Taking on board the points raised by Hillsborough Law Now and others, we constructed clause 6 in such a way as to ensure that there is a secure process that the intelligence services can work through so that any information required by an inquiry or investigation reaches that place safely, so that there can be full candour. However, we have heard the concerns from Hillsborough Law Now and from members of this Committee about our provisions. I assure hon. Members that the Government have taken their points on board, and we will commit to working with them and others actively to consider steps to address this in time for Report.
I turn to the other amendments, which set out that the intelligence authorities are to be listed as a public authority for the purposes of the duty of candour and assistance, and the code of ethical conduct in schedule 2. Clause 6 already makes it clear that the duty applies to the intelligence services as it applies to all other public authorities; therefore, it is beyond doubt that they are included, as a public authority, in the Bill.
We have not set out an exhaustive list of public authorities in schedule 2 to avoid unintentionally excluding some bodies by failing to list them. No individual Department or arm’s length body of central Government is included in the list for that purpose. If we begin to list public bodies, there is a risk that we imply that those not listed are not covered, which could weaken the Bill. I urge the hon. Member for Cheadle to withdraw his amendment, but I reiterate my commitment to working with Members on a way forward to capture all the concerns raised both in the Committee and outside of it.
Mr Morrison
I thank the shadow Minister for the points that he made; he is spot on that the lack of clarity in the Bill, particularly surrounding what came out of the evidence sessions, raises more questions than answers. However, I am pleased that the Minister has said that the Government are happy to work with us on tightening those gaps before Report. This is not about unrestricted evidence; it is about getting to the truth, which must be our focus throughout. I beg to ask leave to withdraw the amendment.
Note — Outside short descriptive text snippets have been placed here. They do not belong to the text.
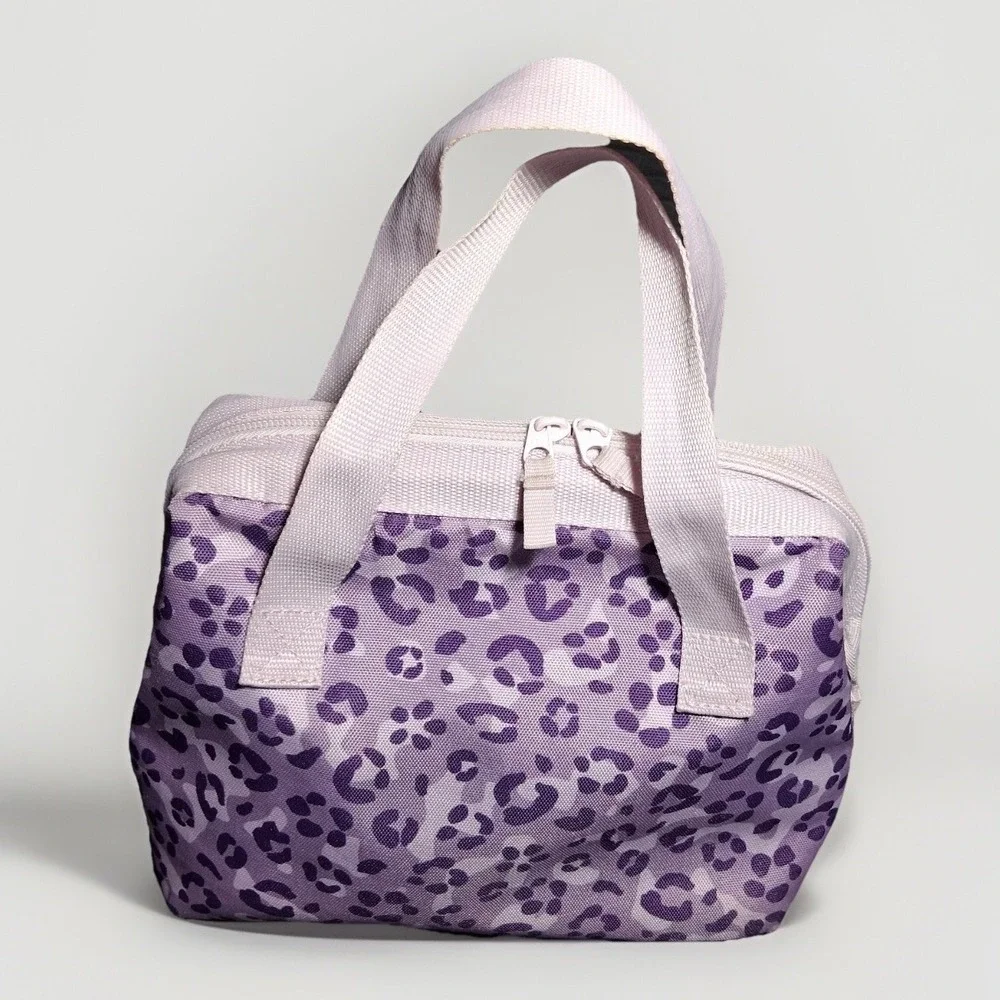 Target Purple Leopard Print Insulated Lunch Bag Double Zipper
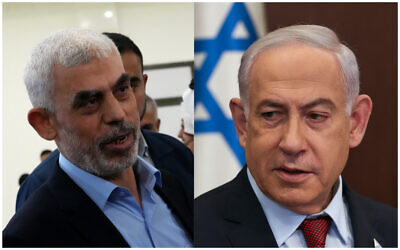 يسار: يحيى السنوار، رئيس حركة حماس في غزة، مدينة غزة، 30 أبريل، 2022. (AP Photo/Adel Hana)؛ يمين: رئيس الوزراء الإسرائيلي بنيامين نتنياهو، 10 ديسمبر، 2023. (Ronen Zvulun/Pool Photo via AP)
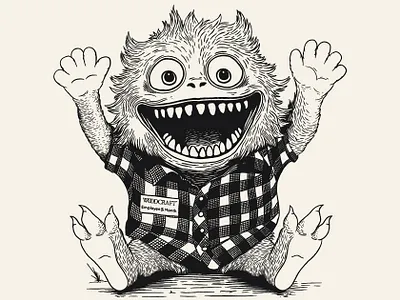 October 2024 Graphics character cheer creature cute hair hairy halloween happy illustration monster october plaid scary spooky woodcraft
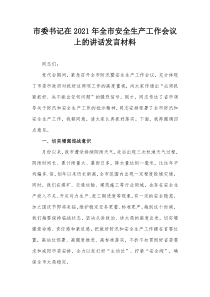 市委书记在20XX年全市安全生产工作会议上的讲话发言材料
Amendment, by leave, withdrawn.
I beg to move amendment 3, in schedule 1, page 26, line 30, at end insert—
“(1A) Inquiries under subsection (1) include those designated by the Secretary of State as local inquiries into grooming gangs.”
This amendment would apply the Duty of Candour to the five local grooming gangs’ inquiries announced by the Government and any further ones established.
Mr Morrison
On a point of order, Sir Roger. I am not sure whether this is the right time to ask, but on the amendment paper, amendment 34 is down as a Liberal Democrat amendment, but on the groupings that were sent across to us, it was down as an SNP amendment. I just wanted to clarify where we are with that.
The Chair
I understand that that has been corrected online, and the matter is now on the record as well.
I thank my hon. Friend for that, and she is absolutely right; a commitment was made not to weaken that. Clause 2(5) of the Bill imposes a duty on the chief officer or chief executive to “take all reasonable steps” to ensure corporate compliance, but that is not command responsibility—I think that is a really important point. It is far weaker, and I feel it will be ineffective. Command responsibility is straightforward and places the responsibility for the discharge of the corporate duty on the head of the body.
Mr Morrison
Does the hon. Member agree that, when someone is in that position of power over a public body, they have a huge responsibility, not just for the culture but for the training, the personnel, the HR practices and the policies? With that responsibility, someone needs to ensure that that goes throughout the whole of the organisation, and command responsibility focuses the mind to ensure that everything below them is working to clock.